Exercise prompt> Write every entry out again with no changes, and leave the images behind.

══════════════════════════════

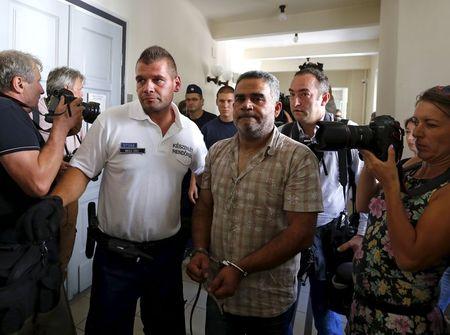 Police escort suspects in the deaths of 71 refugees found in a truck on an Austrian motorway, in Kecskemet, Hungary, August 29, 2015. PHOTO BY REUTERS/Laszlo Balogh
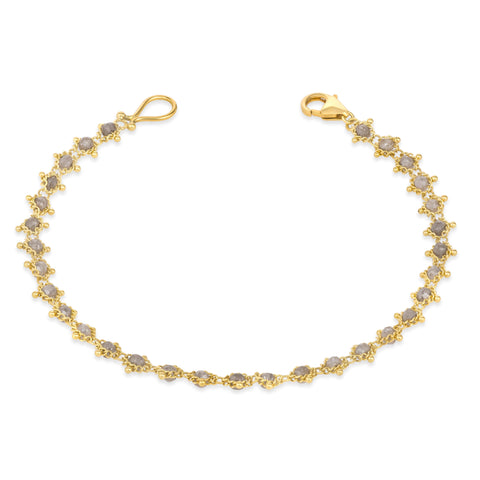 This 18k yellow gold bracelet features silver diamond beads woven throughout a delicate chain. The bracelet features a lobster clasp closure.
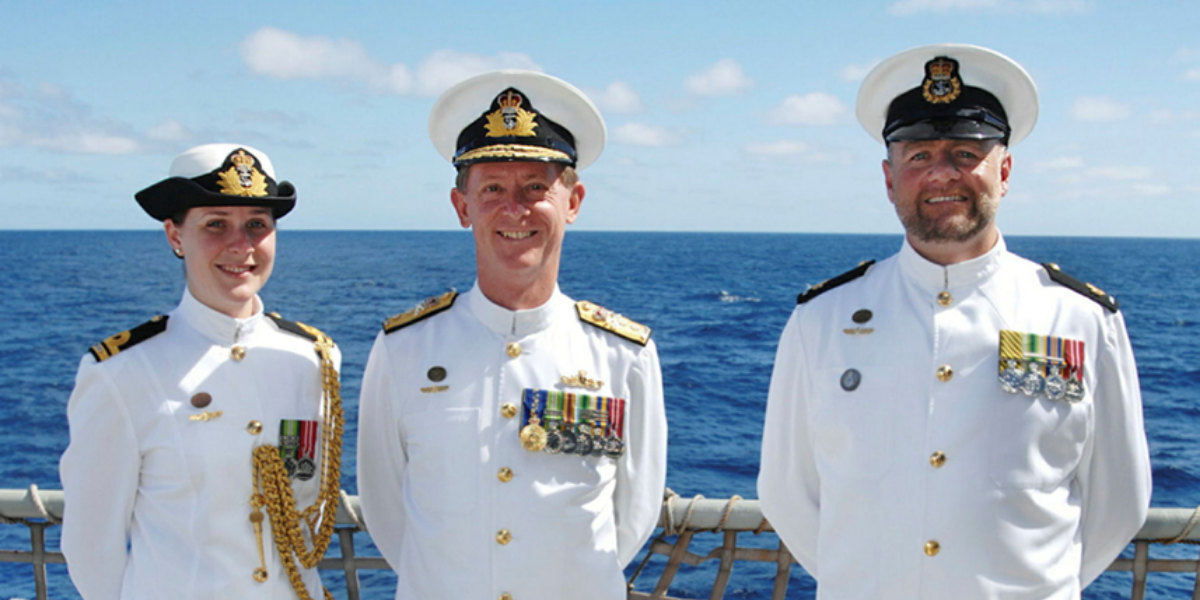 Simon (far right) as a Warrant Officer accompanying the Commander of the Australian Fleet and Flag Lieutenant. They are on the open deck of a large Navy boat in the sun. There is blue sky and water behind them. 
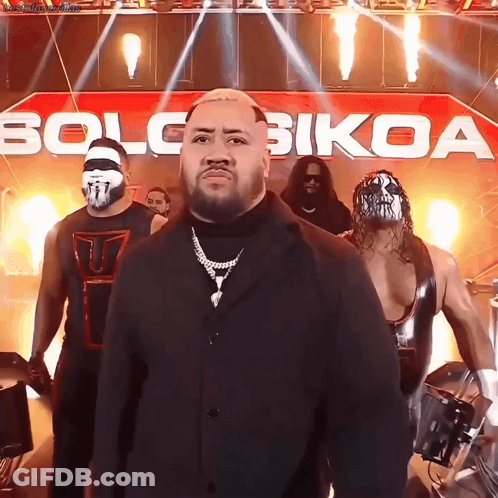 Wrestlers Standing In Front Of Solo Bikoa Banner GIF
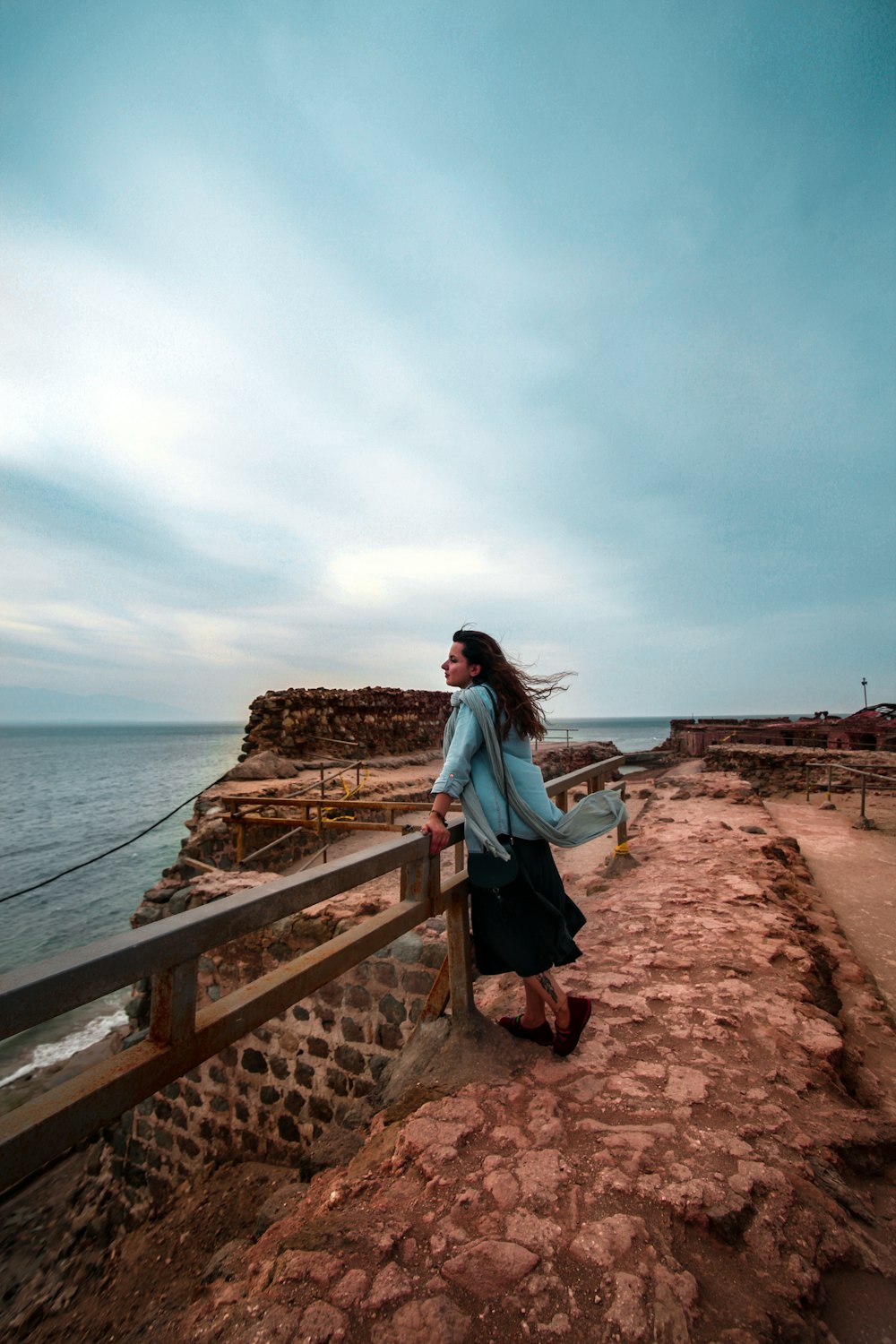 a woman standing on a bridge next to the ocean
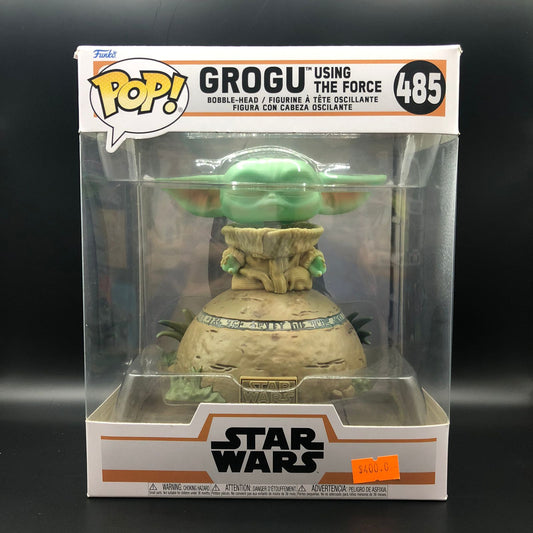 Funko Pop Deluxe de Grogu de la serie "The Mandalorian" de Star Wars.#485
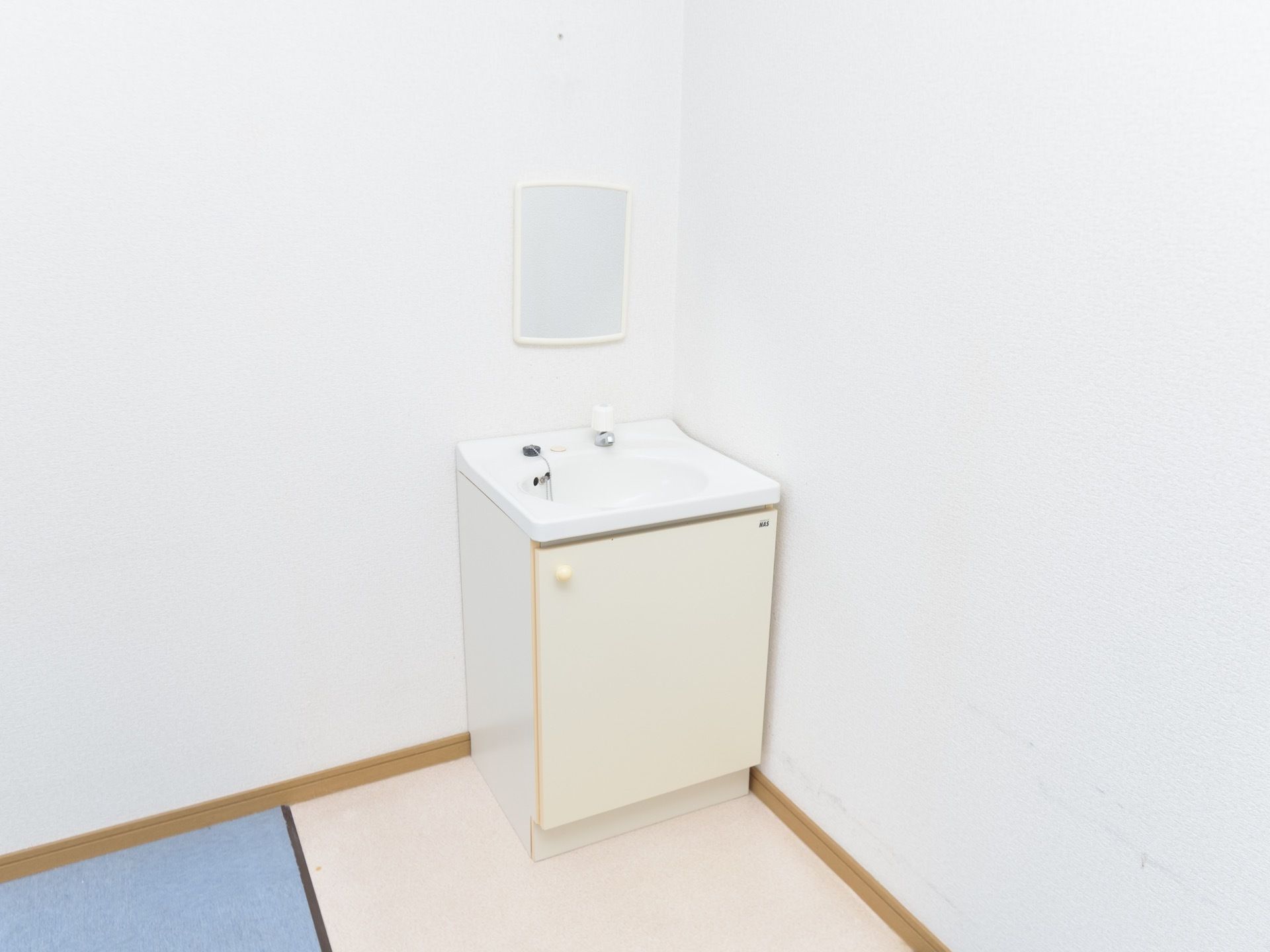 洋風の部屋の角に、洗面台が１つ備え付けられている。また、洗面台の上方の壁には、鏡も１枚設置されている。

══════════════════════════════

Response area>
 Police escort suspects in the deaths of 71 refugees found in a truck on an Austrian motorway, in Kecskemet, Hungary, August 29, 2015. PHOTO BY REUTERS/Laszlo Balogh
 This 18k yellow gold bracelet features silver diamond beads woven throughout a delicate chain. The bracelet features a lobster clasp closure.
 Simon (far right) as a Warrant Officer accompanying the Commander of the Australian Fleet and Flag Lieutenant. They are on the open deck of a large Navy boat in the sun. There is blue sky and water behind them. 
 Wrestlers Standing In Front Of Solo Bikoa Banner GIF
 a woman standing on a bridge next to the ocean
 Funko Pop Deluxe de Grogu de la serie "The Mandalorian" de Star Wars.#485
 洋風の部屋の角に、洗面台が１つ備え付けられている。また、洗面台の上方の壁には、鏡も１枚設置されている。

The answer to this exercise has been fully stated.